PPL Electric            
 Beginning of period $59 $72 $62 $74
 Additions based on tax positions of prior years           2
 Reductions based on tax positions of prior years           (2)
 Reductions based on tax positions related to the current year     (2)  (1)  (2)
 Lapse of applicable statutes of limitations  (3)  (2)  (5)  (4)
 End of period $56 $68 $56 $68

(a)       Represents unrecognized tax benefits derecognized as a result of PPL Energy Supply's distribution of its membership interest in PPL Global to PPL Energy Supply's parent, PPL Energy Funding. See Note 8 for additional information on the distribution.

LKE's, LG&E's and KU's unrecognized tax benefits and changes in those unrecognized tax benefits are insignificant for the three and six months ended June 30, 2011 and 2010.
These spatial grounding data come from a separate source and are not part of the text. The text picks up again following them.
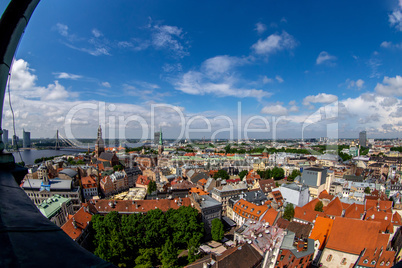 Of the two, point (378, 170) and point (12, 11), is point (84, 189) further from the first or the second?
point (378, 170)

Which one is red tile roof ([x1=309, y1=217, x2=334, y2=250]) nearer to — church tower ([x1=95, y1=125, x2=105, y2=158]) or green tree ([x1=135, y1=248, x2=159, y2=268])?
green tree ([x1=135, y1=248, x2=159, y2=268])

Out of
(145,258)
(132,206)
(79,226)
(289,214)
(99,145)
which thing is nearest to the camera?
(145,258)

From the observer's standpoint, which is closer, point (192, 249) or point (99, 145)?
point (192, 249)

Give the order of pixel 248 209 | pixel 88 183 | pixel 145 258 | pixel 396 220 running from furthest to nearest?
pixel 88 183 < pixel 248 209 < pixel 396 220 < pixel 145 258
At June 30, 2011, it was reasonably possible that during the next 12 months the total amount of unrecognized tax benefits could increase or decrease by the following amounts. For LKE, LG&E and KU, no significant changes in unrecognized tax benefits are projected over the next 12 months.

    Increase Decrease
         
PPL $ 25 $ 231
PPL Energy Supply      26
PPL Electric   26   41

These changes could result from subsequent recognition, derecognition and/or changes in the measurement of uncertain tax positions related to the creditability of foreign taxes, the timing and utilization of foreign tax credits and the related impact on alternative minimum tax and other credits, the timing and/or valuation of certain deductions, intercompany transactions and unitary filing groups. The events that could cause these changes are direct settlements with taxing authorities, litigation, legal or administrative guidance by relevant taxing authorities and the lapse of an applicable statute of limitation.

 

At June 30, the total unrecognized tax benefits and related indirect effects that, if recognized, would decrease the effective tax rate were as follows. The amounts for LKE, LG&E and KU were insignificant.

       
  2011 2010
       
PPL $185 $132
PPL Energy Supply  12  112
PPL Electric  10  11

Tax Litigation (PPL and PPL Electric)

 

In January 2011, the IRS appealed, to the U.S. Court of Appeals for the Third Circuit, the U.S. Tax Court's decision that the 1997 U.K. Windfall Profits Tax (WPT) is a creditable tax for U.S. Federal income tax purposes. In its decision, the Tax Court ruled on two issues: (1) the 1997 U.K. WPT imposed on all U.K. privatized utilities, including PPL's U.K. subsidiary, was creditable against the Company's U.S. income taxes; and (2) PPL Electric's street lighting assets could be depreciated for tax purposes over seven years as permitted for "property without a class life" instead of the 20-year depreciation recovery period argued by the IRS. The IRS is not appealing the street lighting decision. PPL filed its tax returns for 1997 and all intervening years on the basis that the WPT was creditable and that the appropriate tax depreciable life for its street lighting assets was seven years. Therefore, the cash benefit resulting from these items has already been realized. PPL cannot predict the outcome of this matter.